Olea has already been selling trade finance assets, and recently reached a US$1 billion milestone.
Finding alternative sources of funds is one path to addressing the $2.5 trillion trade finance gap.
“As Olea continues to empower sustainable trade across Asia, obtaining the CMS License underscores our commitment to building a bank-like compliance and professional standards,” said Amelia Ng, CEO, Olea. “Achieving our $1 billion throughput milestone indicates the confidence funders have in Olea’s asset class and demonstrates the significant demand for our innovative trade finance solutions to companies in Asia.”

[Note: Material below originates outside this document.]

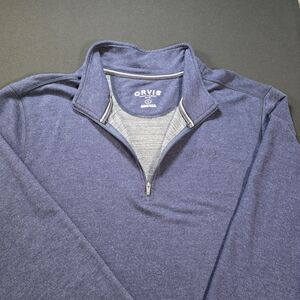 Orvis Men's Blue Quarter-Zip Sweater Size Large, Navy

Other eye tokenizing trade finance
If Olea tokenizes trade finance assets, it won’t be the first to do so. There are already a mix of solutions, some more bank focuses and others closer to the crypto world. For example, Trade Assets launched a secondary market in Dubai and says it has traded $3.5 billion. While it initially started with many Bangladeshi banks, the range has expanded to include some big name members in the Middle East, such as FAB, Emirates NBD, SABB and Japan’s SMBC.
Meanwhile, Tradeteq launched a conventional platform, initially as an outlet for banks. Its throughput is more than $12 billion. More recently it partnered with the XDC public blockchain network to tokenize trade assets.
Ant’s web3 arm ZAN and the Hong Kong GSBN shipping network are also collaborating to tokenize electronic bills of lading (eBL).
A handful of crypto focused startups provide trade finance and use blockchain to source funding from investors, such as Credix. Centrifuge was started by a team from supply chain platform Taulia, but has since pivoted away from trade finance to focus on ‘real world assets’ more broadly.